### AIM OF THE EXERCISE
For this item, repeat the material exactly while omitting its pictures.

### DATASET CONTENT

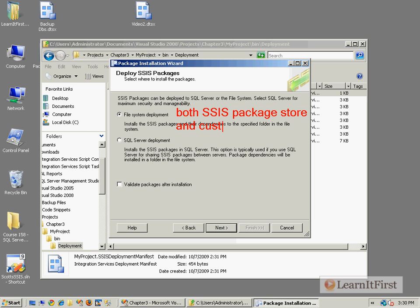Notice it doesn't have all three. It doesn't say file system deployment, SSIS package store, SQL Server deployment. That's because the first one is both for the package store and the custom locations. Defaults to the package store.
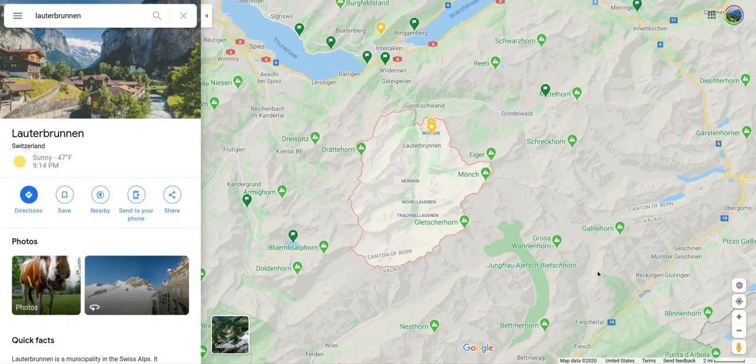In this video I'm going to talk about how to use Google Maps on a computer in a browser to do this virtual landscape assignment.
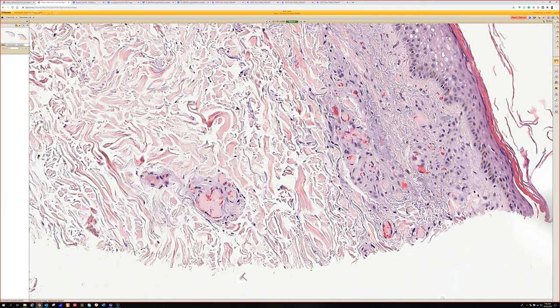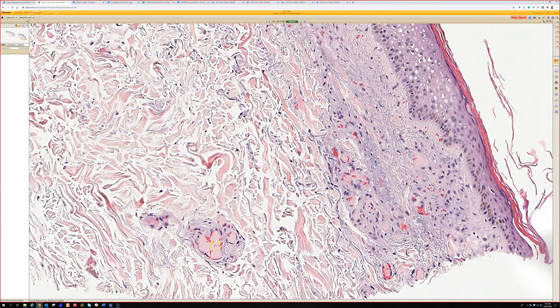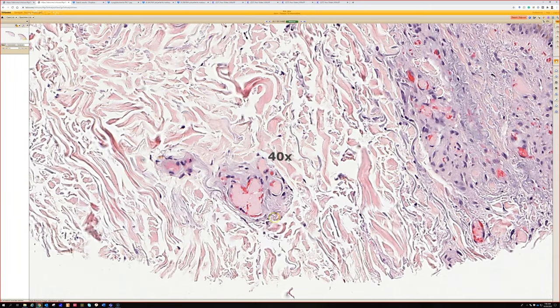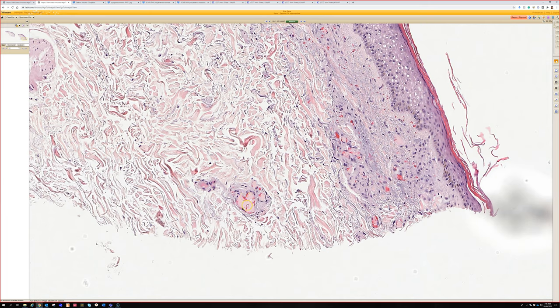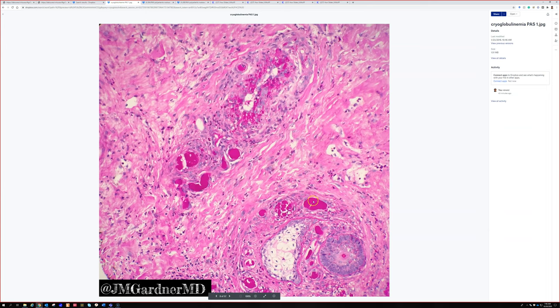Type 1 cryo is monoclonal, usually IgM, and is often associated with myeloma, Waldenström's macroglobulinemia, and other plasma cell or lymphocyte clonal abnormalities. Type 2 and 3 mixed cryo will have these plugs plus vasculitis with neutrophils — those are mixtures usually of IgG and IgM. Here's an example of a PAS stain — this was mixed cryo. You can see some neutrophils and damage to the vessel wall. The cryoglobulin deposits often stain really strongly on PAS.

### TASK SOLUTION
Notice it doesn't have all three. It doesn't say file system deployment, SSIS package store, SQL Server deployment. That's because the first one is both for the package store and the custom locations. Defaults to the package store.
In this video I'm going to talk about how to use Google Maps on a computer in a browser to do this virtual landscape assignment.
Type 1 cryo is monoclonal, usually IgM, and is often associated with myeloma, Waldenström's macroglobulinemia, and other plasma cell or lymphocyte clonal abnormalities. Type 2 and 3 mixed cryo will have these plugs plus vasculitis with neutrophils — those are mixtures usually of IgG and IgM. Here's an example of a PAS stain — this was mixed cryo. You can see some neutrophils and damage to the vessel wall. The cryoglobulin deposits often stain really strongly on PAS.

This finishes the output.